WHAT IS BEING ASKED — When you print the records below, keep every word exact and leave out the images.

↓

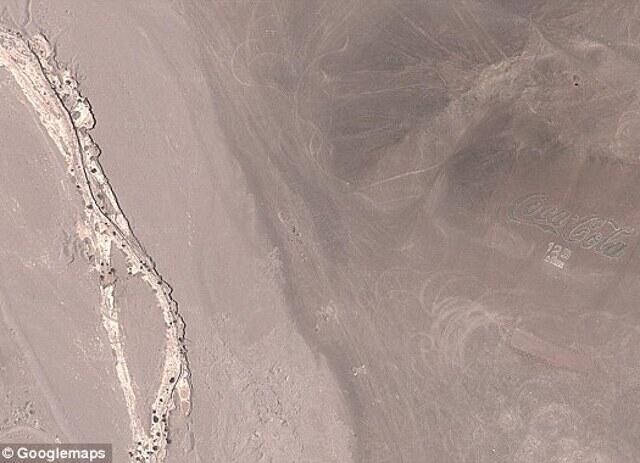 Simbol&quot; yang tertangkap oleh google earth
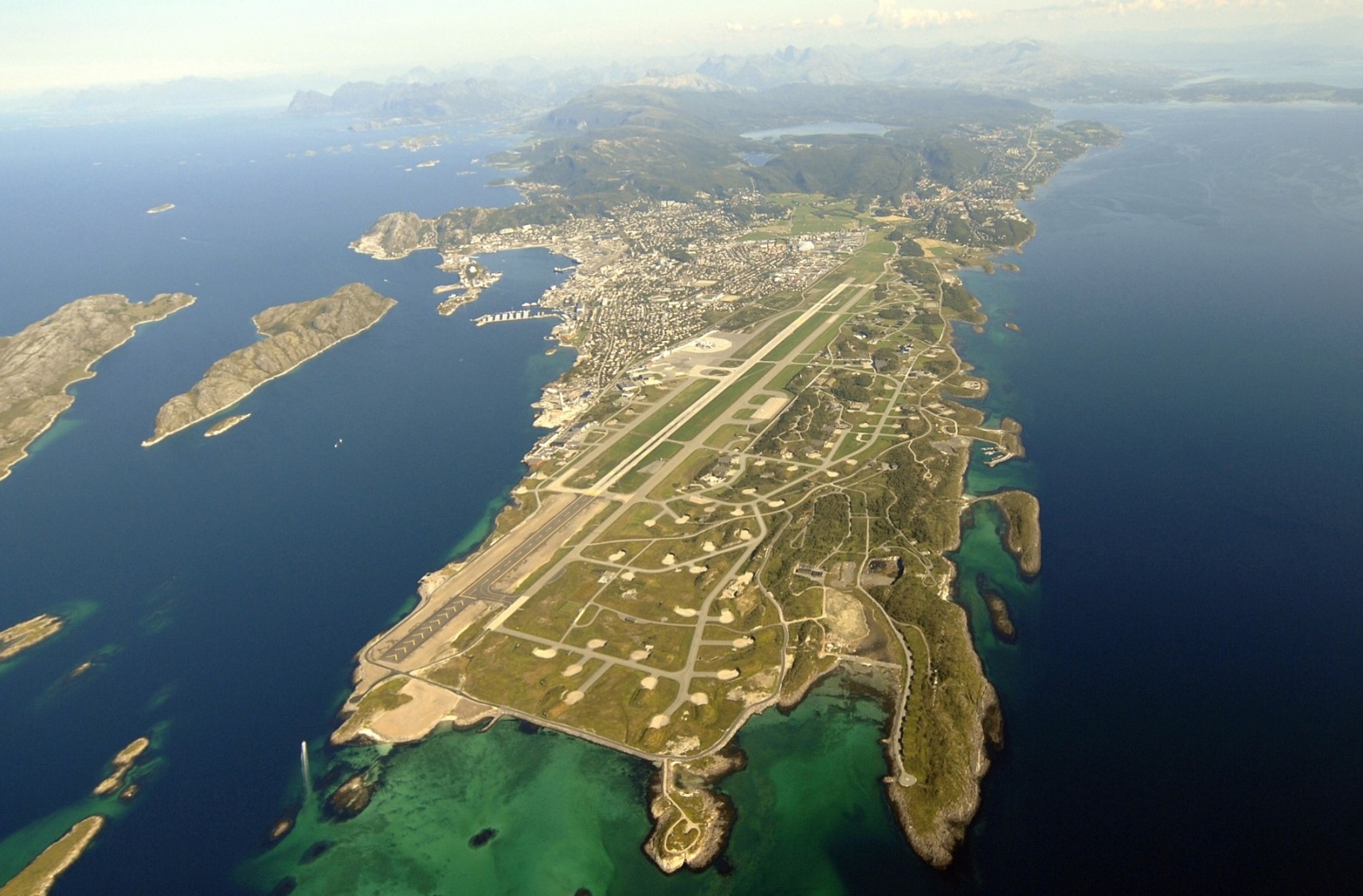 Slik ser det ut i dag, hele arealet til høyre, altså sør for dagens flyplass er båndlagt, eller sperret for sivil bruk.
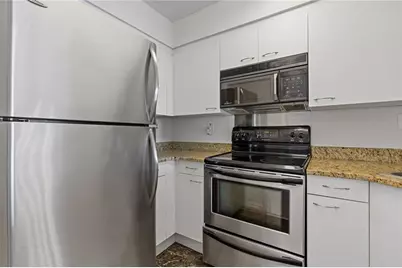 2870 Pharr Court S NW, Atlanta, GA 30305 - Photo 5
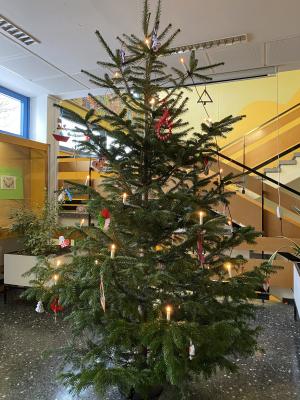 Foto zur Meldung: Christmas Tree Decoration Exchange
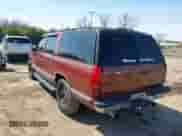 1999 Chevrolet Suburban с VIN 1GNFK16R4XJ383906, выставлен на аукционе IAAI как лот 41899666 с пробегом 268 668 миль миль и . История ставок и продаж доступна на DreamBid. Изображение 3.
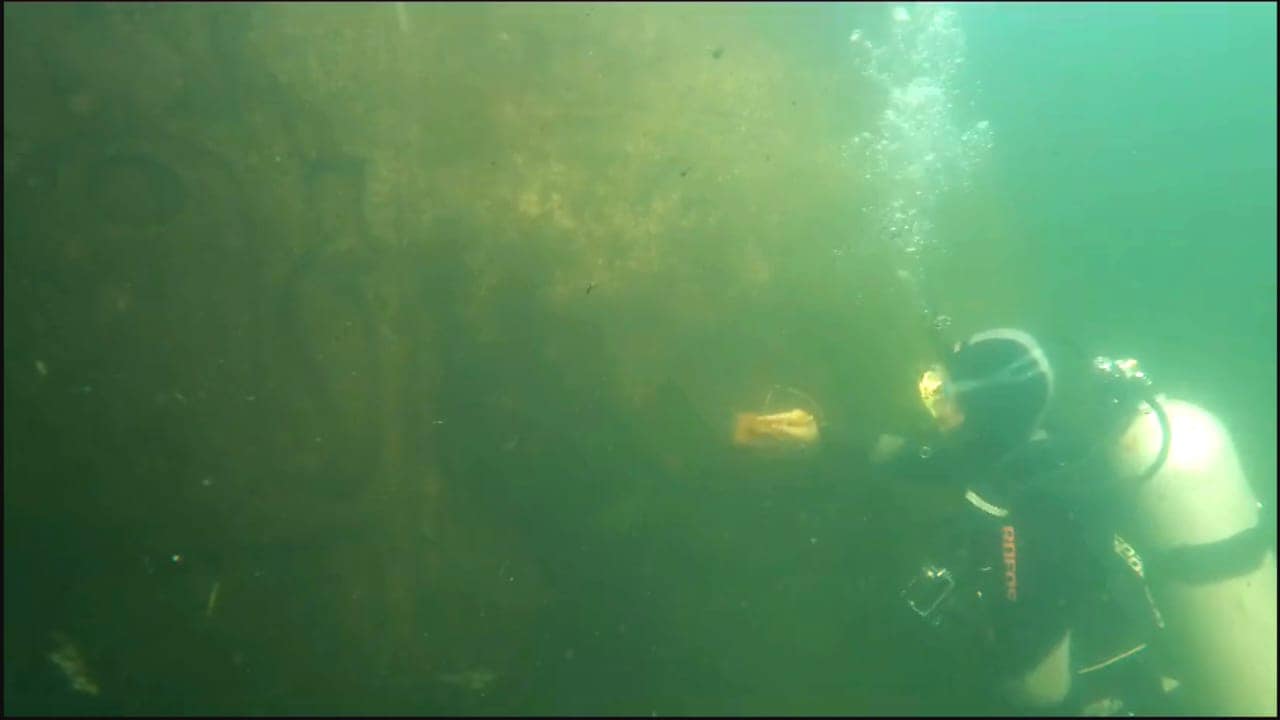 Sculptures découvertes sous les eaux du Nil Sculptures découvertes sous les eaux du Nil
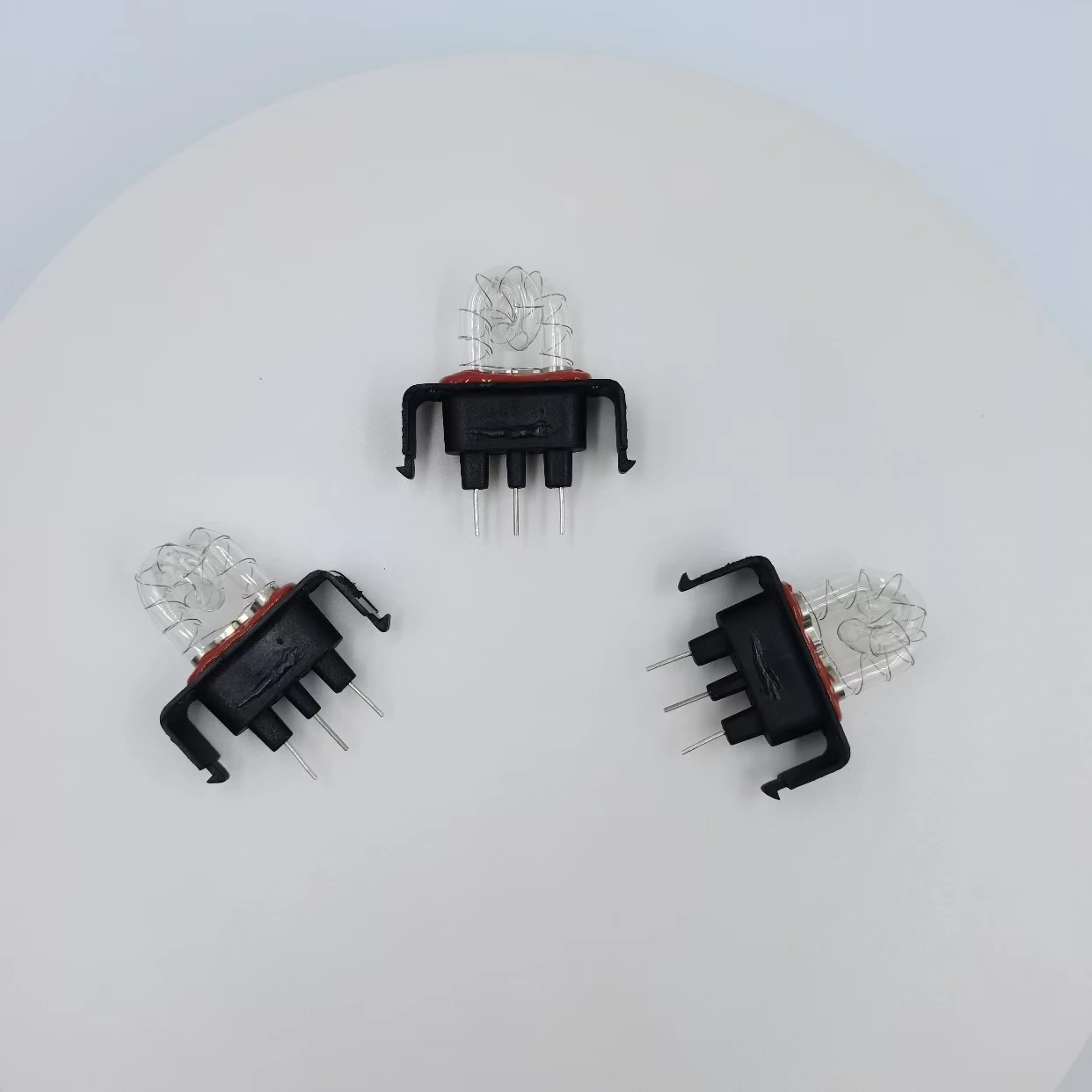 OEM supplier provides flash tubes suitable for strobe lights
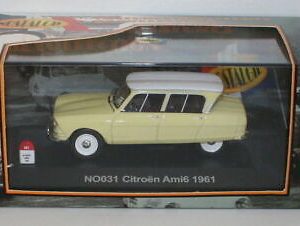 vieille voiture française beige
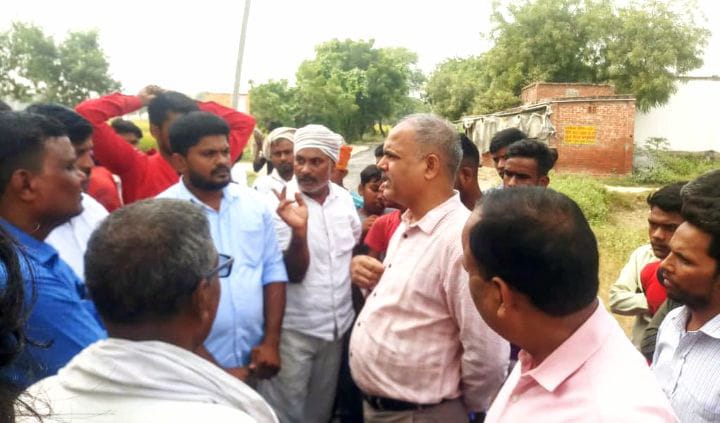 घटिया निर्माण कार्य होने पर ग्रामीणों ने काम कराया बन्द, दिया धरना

↑

EXPECTED OUTPUT —
 Simbol&quot; yang tertangkap oleh google earth
 Slik ser det ut i dag, hele arealet til høyre, altså sør for dagens flyplass er båndlagt, eller sperret for sivil bruk.
 2870 Pharr Court S NW, Atlanta, GA 30305 - Photo 5
 Foto zur Meldung: Christmas Tree Decoration Exchange
 1999 Chevrolet Suburban с VIN 1GNFK16R4XJ383906, выставлен на аукционе IAAI как лот 41899666 с пробегом 268 668 миль миль и . История ставок и продаж доступна на DreamBid. Изображение 3.
 Sculptures découvertes sous les eaux du Nil Sculptures découvertes sous les eaux du Nil
 OEM supplier provides flash tubes suitable for strobe lights
 vieille voiture française beige
 घटिया निर्माण कार्य होने पर ग्रामीणों ने काम कराया बन्द, दिया धरना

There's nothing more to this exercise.